In Croatia the total would be about 63%. If you go through capital gains (no paycheck just profit after corporate tax, capital income tax and VAT) it's 53%. It could go down if some company expenses can be used for your life expenses.
In Austria the total is 75%. In Austria going through capital gains would still be 70%.
I'm very disappointed at how much money Europe sucks out of my work.
"Capital gains" through GmbH is 25% KÖSt (Körperschaftssteuer) and then 27,25% KESt on Profit. The highest VAT rate is 20%, there are also lower ones. This results in 56.35% percent including VAT (1-((1-25%)(1-27.25%)(1-20%)).
If you go through income tax as a freelancer this is even lower when you claim the default deductibles (Pauschalierung), which is common in IT jobs, because you have very low expenses. The later is also cheaper if you factor in health insurance.
Well, having a GmbH does not really allow a clean profit extraction without having employees, so when you eventually employ yourself you'll get to around 70%.
Austria is one of the worst countries in the world to do any kind of small business. Self-employment is also taxed aggressively.
A form of self-employment in Croatia allows a fixed tax payment of about 5k EUR a year with an income cap of 39k EUR per year, leaving you with 34k EUR after taxes. Similar thing in Serbia but even more money.
In Austria there's nothing like that.
It would be nice if it was possible to assign a significant amount of life expenses to business but that also is heavily bureaucratized and regulated that even buying a 5k EUR computing machine has weird tax consequences (not immediately deductible as expense in the full amount or now, because expenses are higher, you might not be able to take that 12% of profit untaxed).
I mean, I guess I'm just miserably following every word of law and my accountant's advice and maybe other people just ignore a bunch of these guidelines and hope that inspection never comes.
39k EUR a year in Austria is 33% tax+insurance+pension:
20% "forced savings" (Pension + Vorsorgekasse)
7% health insurance
6% income tax
But 39k a year is definitely not a freelance programmer in Austria.
80-120k is the average I see at my colleagues and enterprise customers for freelance programmers with regular working hours compared to regular employees (5 week vacation, sick absence, ...). I know people scratching at 200k, but they are senior consultants.
So a more realistic view would be 100k 40,5% tax+insurance+pension
15% "forced savings" (Pension + Vorsorgekasse)
6% health insurance
19,6% income tax
This calculation assumes that you do not really have significant expenses of business. Having those actually makes the picture look worse.
You can calculate here for yourself, no "cheating" required:
https://abrechnen.wko.at (official chamber of commerce calculator)
A GmbH is always better at 220k+/year. But there may be reasons you would want one earlier (liability, employees, IP, investments, ...)
Employing people in Austria is expensive ("cost of labor"). Beeing self employed is not bad, if you factor in benefits and costs of life and quality of life.
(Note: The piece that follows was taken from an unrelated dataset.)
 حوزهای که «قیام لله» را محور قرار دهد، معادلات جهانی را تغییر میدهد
Well, 34k after taxes in Zagreb, Croatia is about 50k after taxes in Vienna. Given the increased cost of living and quite similar bureaucratic and regulation heavy state I'd say the self-employment is very aggressively taxed. For 50k after taxes you need to earn quite a lot compared to 39k in Croatia and the benefits are not that much different.
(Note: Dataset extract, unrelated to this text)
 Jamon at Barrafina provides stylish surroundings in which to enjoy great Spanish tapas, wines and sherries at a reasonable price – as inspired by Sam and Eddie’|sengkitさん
I do not own anything substantial. Saving for a house in the capital city would take about 15 years of frugal living as a programmer. I could also take a loan.
What I also dislike is the tax prepayments for business owners, which is basically legal theft. The government takes tax in advance and then gives you back the money if you overpaid after about a year. I wouldn't mind this if taxes were low.
Imagine being a business owner and there's a period of irregular income yet the advance tax payment arrives and bankrupts you.
The taxes here are just insanely high and everything is insanely inefficient. Healthcare, education and municipal services.
After moving from Croatia to Austria, it's much worse in Austria, a wealthier country but still, I see all of the same patterns of inefficiency and they are even worse because Croatia can't afford being so inefficient.